• **Required action**:
The result should be a word-for-word retyping of the entries below, free of pictures.

Records from a data source:

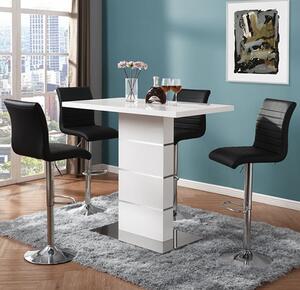 Parini White Gloss Bar Table With 4 Ripple Black Stools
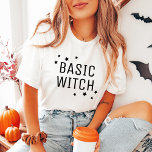 Camiseta bruxas modernas bruxas do Halloween<br><div class="desc">A camiseta branca de Halloween da "bruxa básica" apresenta um design de tipografia preto moderno e simples com sotaques em forma de estrela.</div>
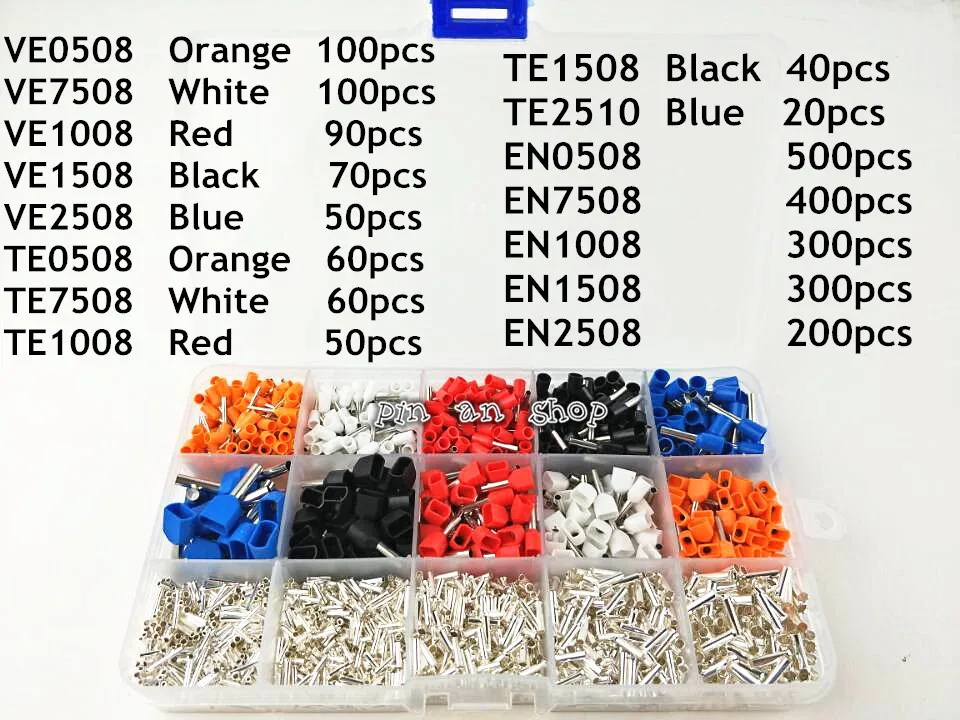 2340 шт./лот смешанные 15 моделей комплект двойных обжимных наконечников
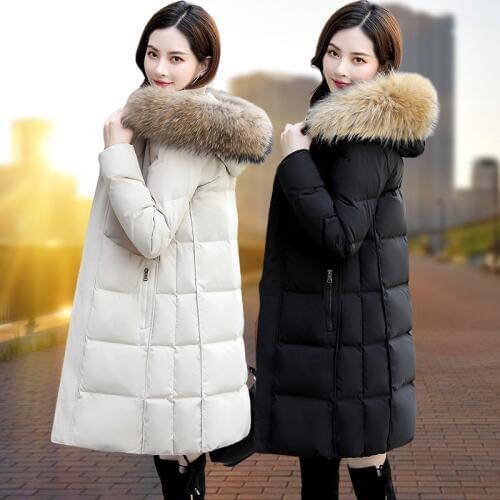 KMETRAM Winter Jacket Women Real Raccoon Fur Collar Down Jacket Women Coat Female Long Jackets Warm Parka Manteau Femme W-1999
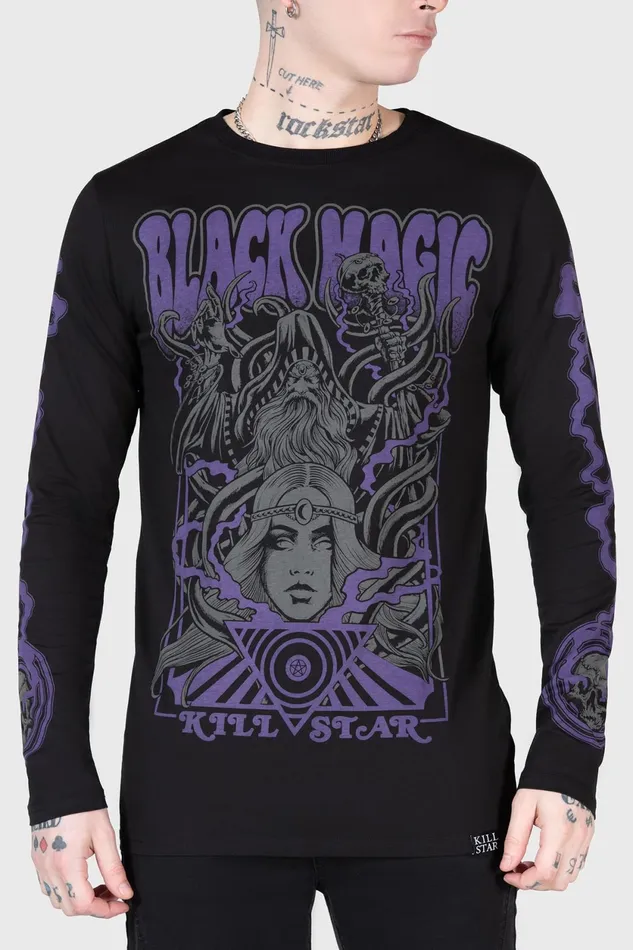 Women Long Sleeves Killstar Blac Magick Long Sleeve Top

• **Solution to this problem**:
 Parini White Gloss Bar Table With 4 Ripple Black Stools
 Camiseta bruxas modernas bruxas do Halloween<br><div class="desc">A camiseta branca de Halloween da "bruxa básica" apresenta um design de tipografia preto moderno e simples com sotaques em forma de estrela.</div>
 2340 шт./лот смешанные 15 моделей комплект двойных обжимных наконечников
 KMETRAM Winter Jacket Women Real Raccoon Fur Collar Down Jacket Women Coat Female Long Jackets Warm Parka Manteau Femme W-1999
 Women Long Sleeves Killstar Blac Magick Long Sleeve Top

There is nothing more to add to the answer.